Formalizar um negócio informal envolve, na prática, três passos centrais: escolher o enquadramento jurídico adequado ao porte e à atividade, separar de vez as finanças pessoais das finanças do negócio, e passar a emitir nota fiscal para as vendas realizadas. Feitos nessa ordem, esses passos reduzem o risco de erros que costumam complicar a regularização mais adiante.
Por que sair da informalidade compensa
Um negócio informal fica limitado em vários aspectos que só aparecem com o tempo: dificuldade para abrir conta bancária empresarial, impossibilidade de emitir nota fiscal para clientes que exigem esse documento, restrição de acesso a linhas de crédito voltadas a empresas e ausência de contribuição previdenciária vinculada à atividade. A formalização resolve essas limitações de uma vez, ainda que exija adaptação inicial na rotina financeira.
“O primeiro passo prático é entender qual formato jurídico se encaixa no porte e na natureza da atividade exercida.”
Escolher o enquadramento adequado
O primeiro passo prático é entender qual formato jurídico se encaixa no porte e na natureza da atividade exercida. Isso costuma depender de fatores como faturamento anual estimado, número de sócios envolvidos e se a atividade permite o enquadramento como microempreendedor individual. Buscar orientação de um contador antes de escolher o enquadramento evita retrabalho de migração logo nos primeiros meses.

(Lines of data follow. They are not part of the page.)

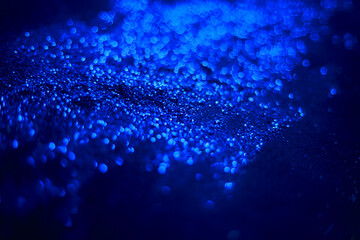 Blue glitter texture. Sequins scattered on a black background. Shimmering effect. Bokeh.
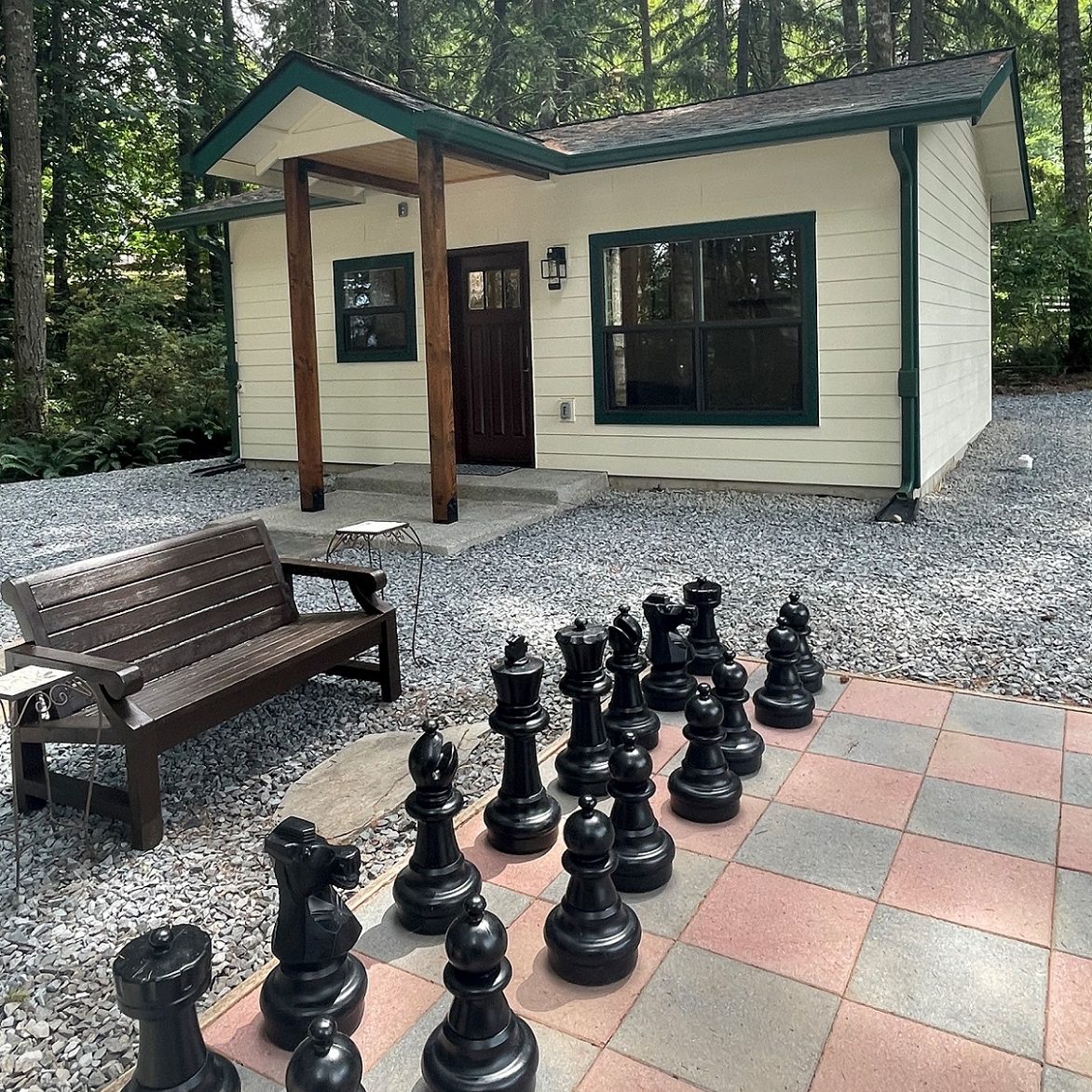 A small additional dwelling unit with a large, oversized chess board and black chess pieces outside. A bench in gravel is next to the board.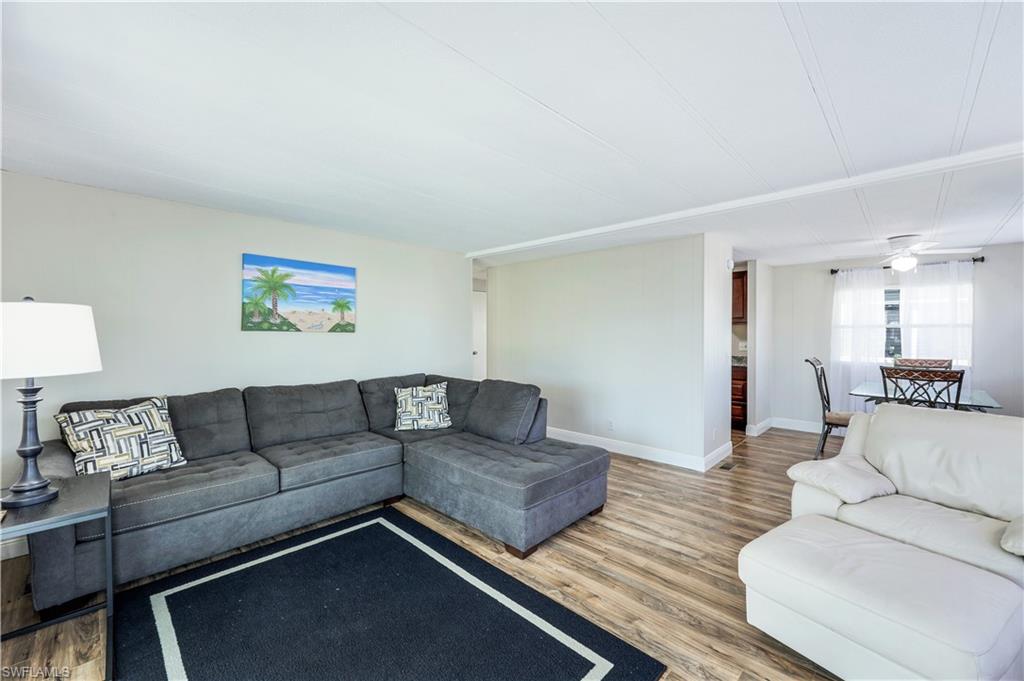 21 Lemans Drive Naples, FL 34112 - Photo 6 of 26 a living room with couches and a night stand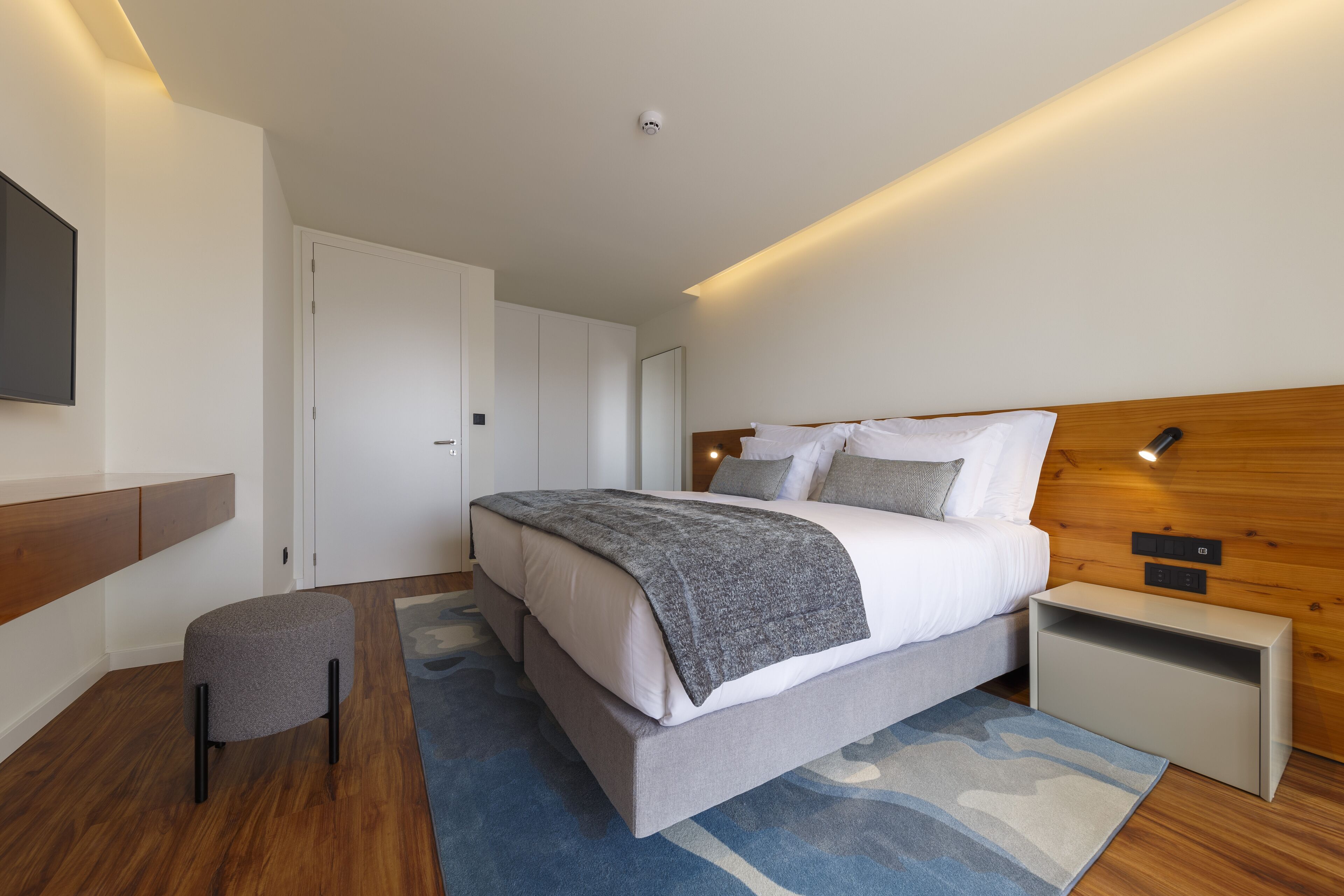 Ein modernes Schlafzimmer mit einem großen Bett, einem Nachttisch, einem kleinen Hocker und einem flachbildfernseher an der Wand.
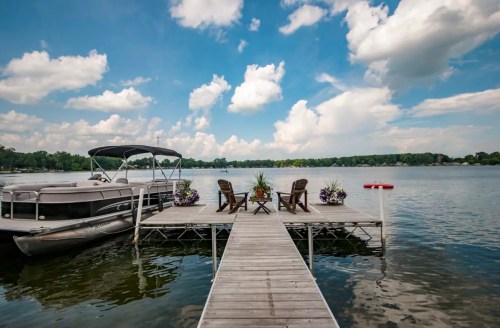 A wooden dock extends over calm water, featuring two chairs and potted plants, with a boat nearby and a blue sky above.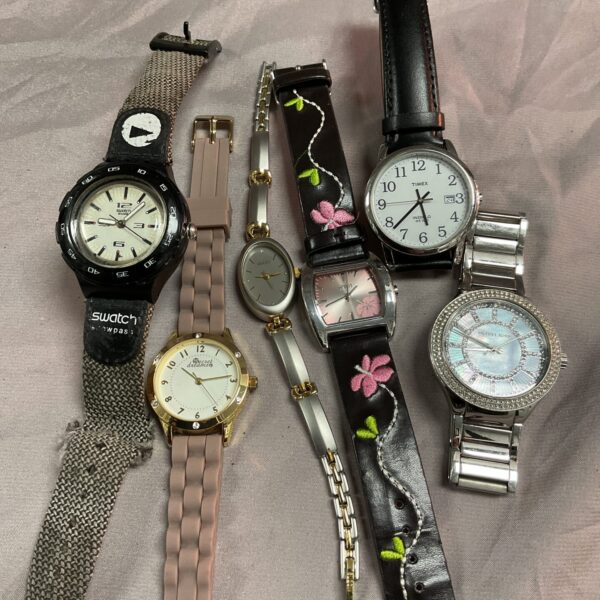 Tray of assorted wristwatches, fashion and vintage timepieces.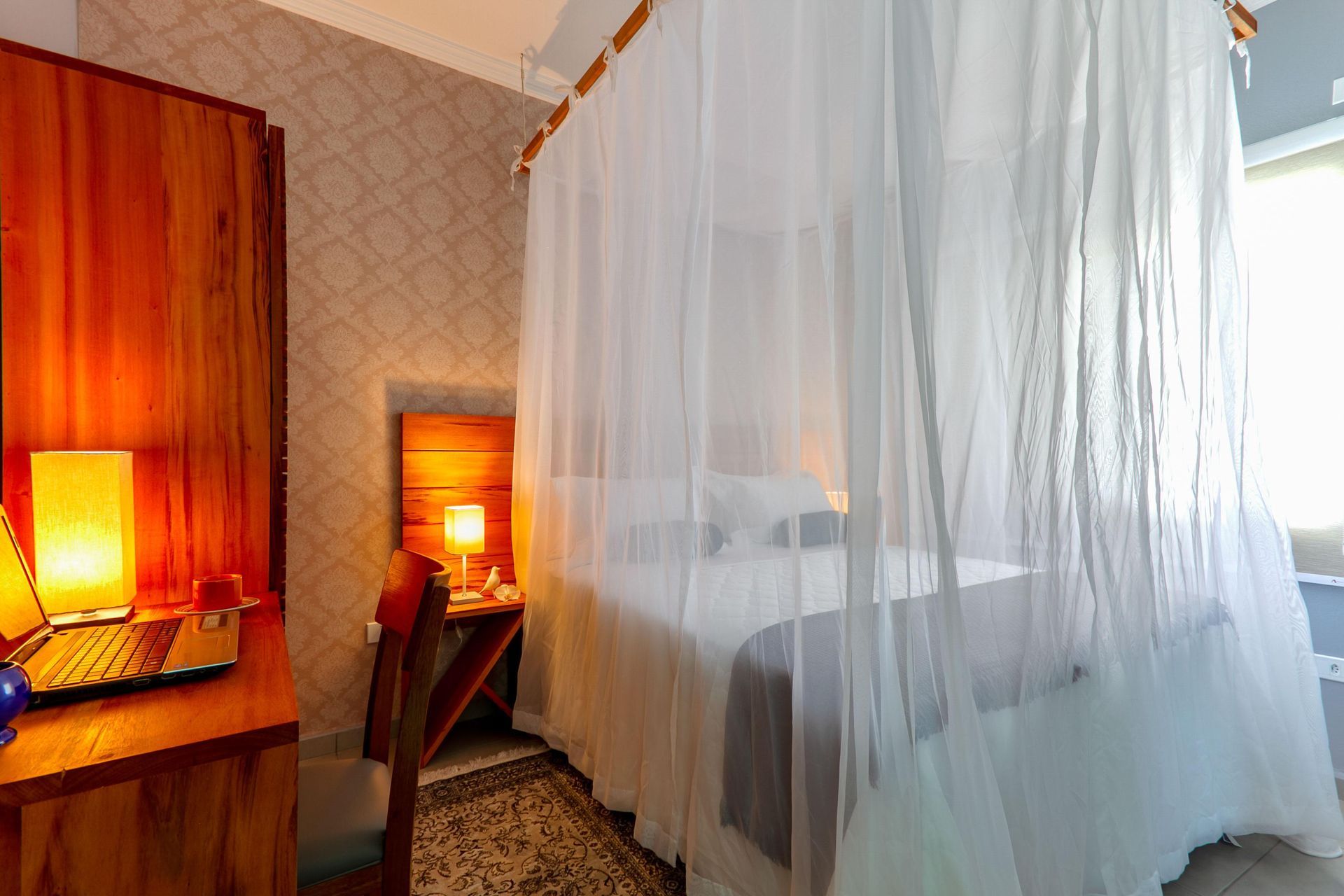 Quarto aconchegante com dossel branco translúcido, abajur de cabeceira com luz quente e móveis de madeira.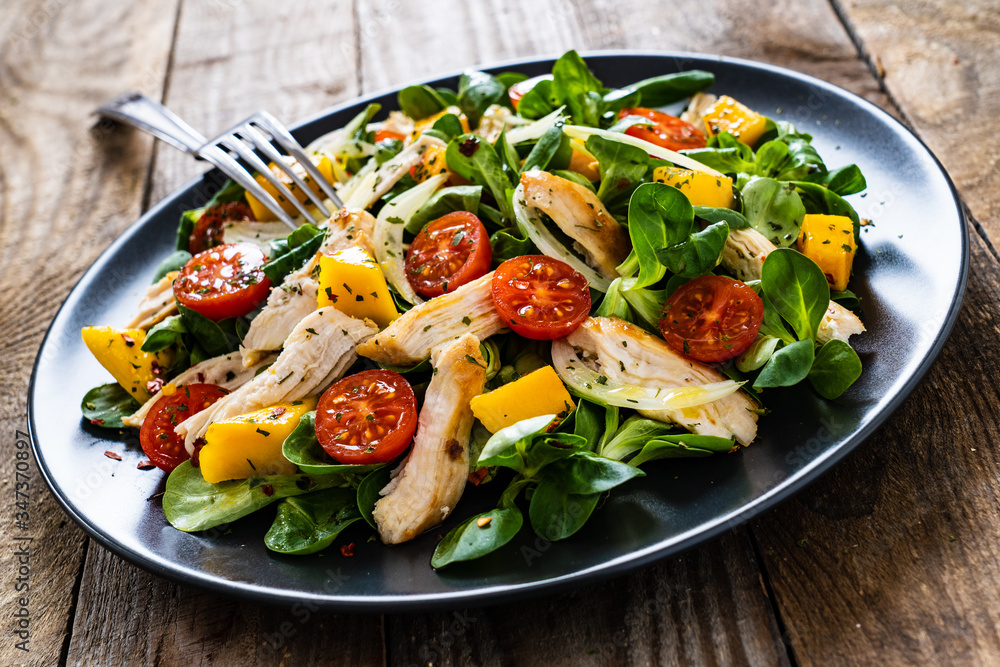 Caesar salad - fried chicken breast and vegetables on wooden table
Caesar salad - fried chicken breast and vegetables on wooden table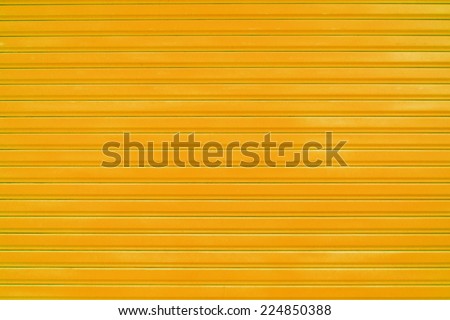 Close up orange metal sheet slide door texture background.
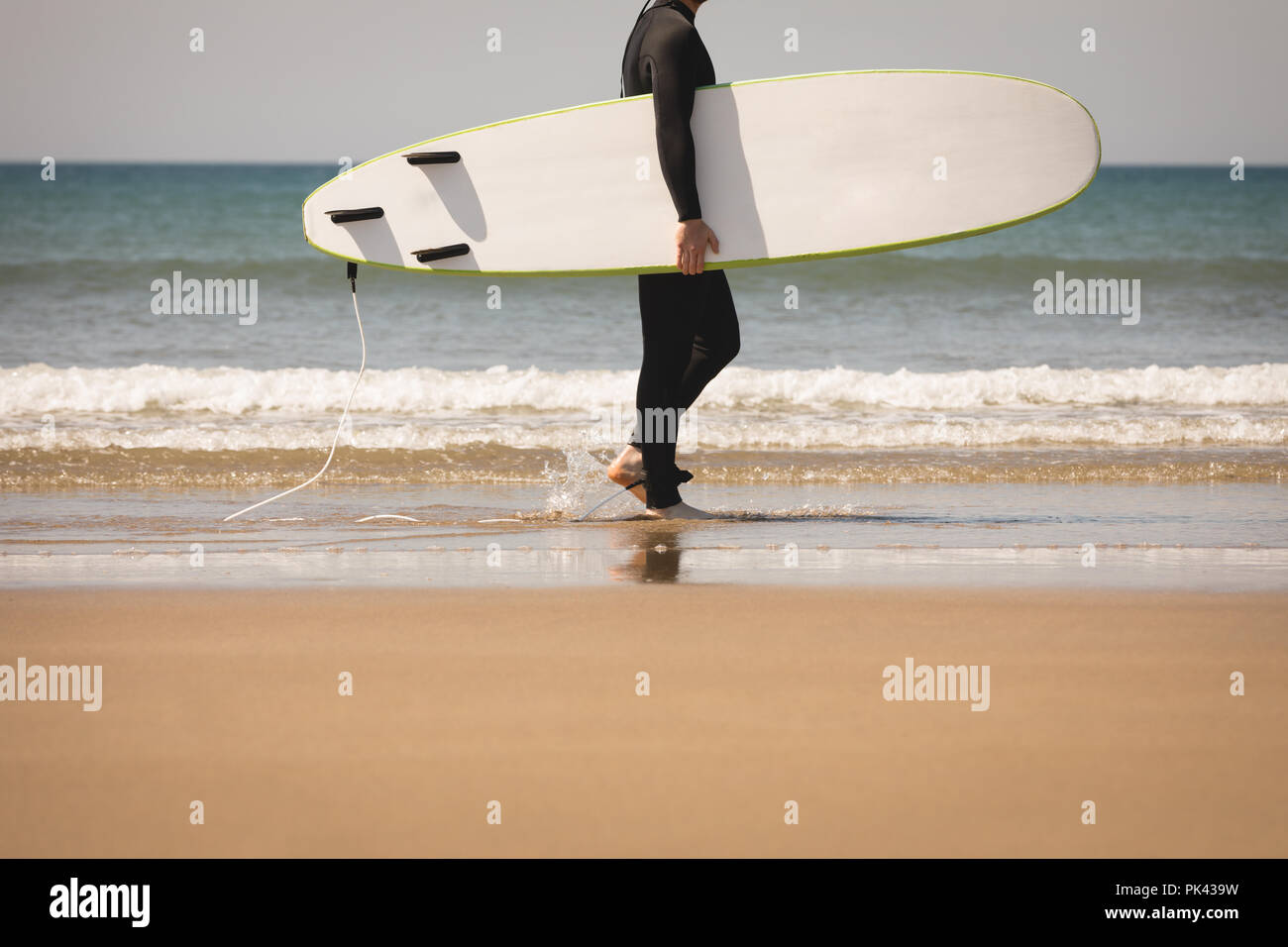 Surfer mit Surfbrett zu Fuß am Strand Stockfoto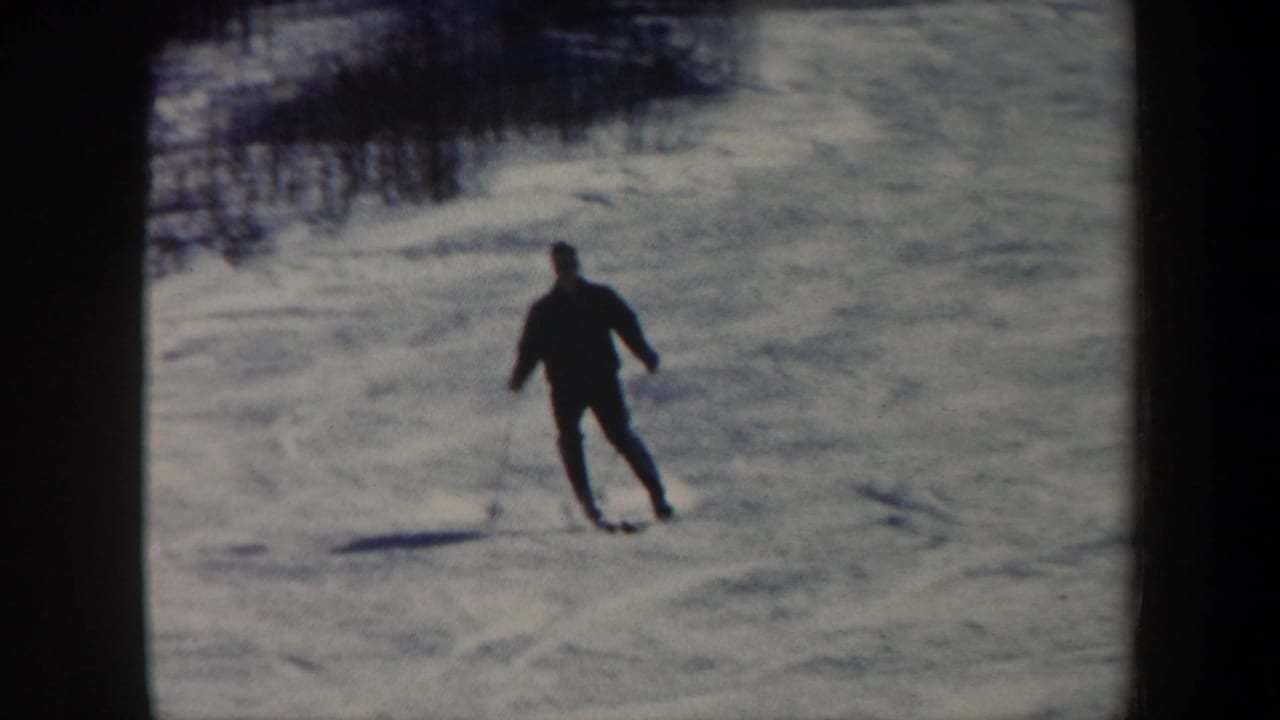 Skier continues across the slope, leaning slightly on the snow.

Passos práticos da regularização
De forma geral, o processo de formalização passa por etapas semelhantes, independentemente do enquadramento escolhido:
- Definir o enquadramento jurídico mais adequado à atividade e ao faturamento esperado.
- Registrar a empresa nos órgãos competentes, obtendo o CNPJ correspondente.
- Verificar exigências específicas do município ou estado para a atividade, como alvará de funcionamento.
- Abrir uma conta bancária em nome da empresa, separada da conta pessoal.
- Configurar a emissão de nota fiscal conforme o enquadramento escolhido.
Separar as finanças desde o primeiro dia
Um erro recorrente logo após a formalização é continuar misturando o dinheiro do negócio com o dinheiro pessoal, como se nada tivesse mudado. Isso compromete a análise real da saúde financeira do negócio e pode gerar problemas na apuração de impostos. Definir, desde o início, um valor de retirada pessoal fixo, separado do fluxo de caixa da empresa, ajuda a manter essa separação de forma sustentável.
Emitir nota fiscal deixa de ser opcional
Depois da formalização, a emissão de nota fiscal passa a ser obrigatória nas vendas, conforme as regras do enquadramento escolhido. Isso costuma exigir ajuste na forma de precificar, já que os tributos incidentes precisam estar contemplados no preço final cobrado do cliente, algo que muitas vezes não era considerado durante a fase informal do negócio.
Fechando
Formalizar um negócio informal é um processo com etapas conhecidas e relativamente objetivas, mas que costuma exigir apoio de um contador para escolher o enquadramento certo desde o início. O esforço inicial de regularização tende a se pagar em acesso a crédito, credibilidade com clientes e segurança jurídica para quem empreende.
O que você ainda pode perguntar
Quanto tempo leva para formalizar um negócio informal? Varia conforme o enquadramento e o município, mas processos mais simples, como o microempreendedor individual, costumam ser concluídos em poucos dias por meio de sistemas próprios de registro.
Preciso de contador para formalizar o negócio? Não é obrigatório em todos os enquadramentos, mas é recomendável, especialmente para escolher a opção tributária mais adequada e evitar erros na apuração de impostos depois.
A formalização aumenta muito os custos do negócio? Existe custo adicional com tributos e, em alguns casos, contabilidade, mas ele costuma ser compensado pelo acesso a crédito, pela possibilidade de emitir nota fiscal e pela redução de riscos legais da informalidade.